───── DATA EXCERPT

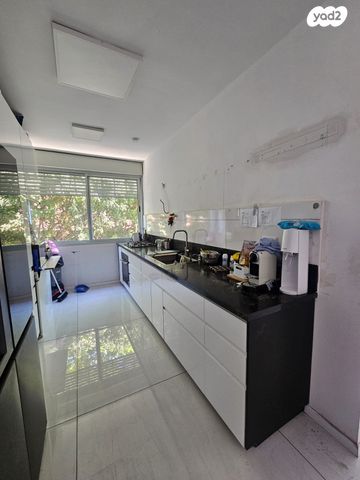 דירה, עיר שמש, גני צהלה, רמות צהלה, תל אביב יפו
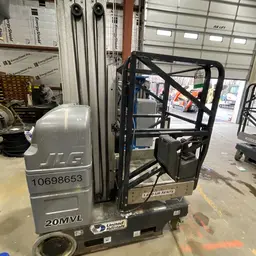 2017 JLG 20MVL Self-Propelled One-Person Lift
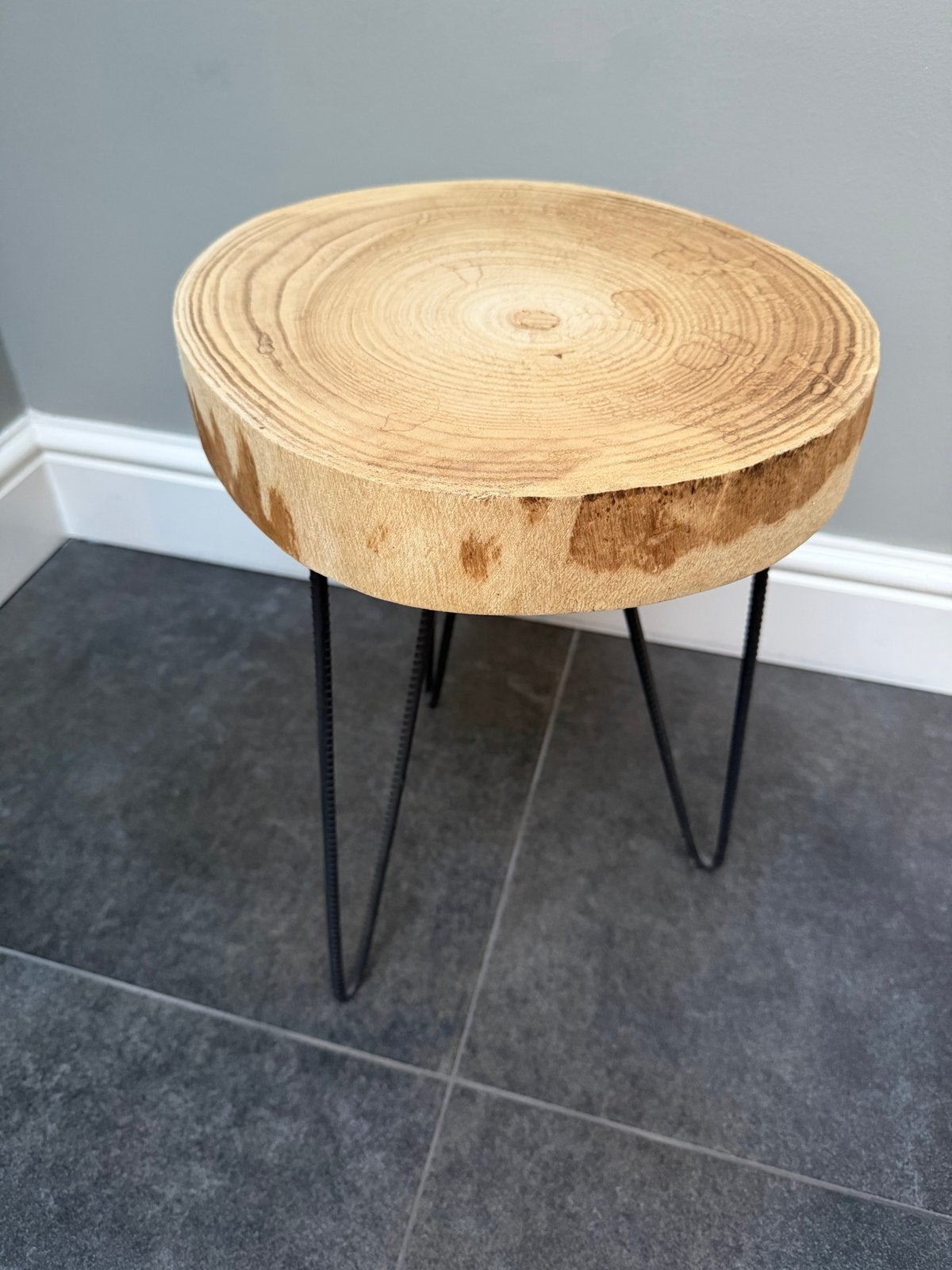 Leuk houten bijzettafeltje - boomstam design, Minder dan 55 cm, Gebruikt, Rond, Hout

──────────

Where a picture appears in the material above, skip it, and print the rest exactly.

SOLUTION TO THE EXERCISE:
 דירה, עיר שמש, גני צהלה, רמות צהלה, תל אביב יפו
 2017 JLG 20MVL Self-Propelled One-Person Lift
 Leuk houten bijzettafeltje - boomstam design, Minder dan 55 cm, Gebruikt, Rond, Hout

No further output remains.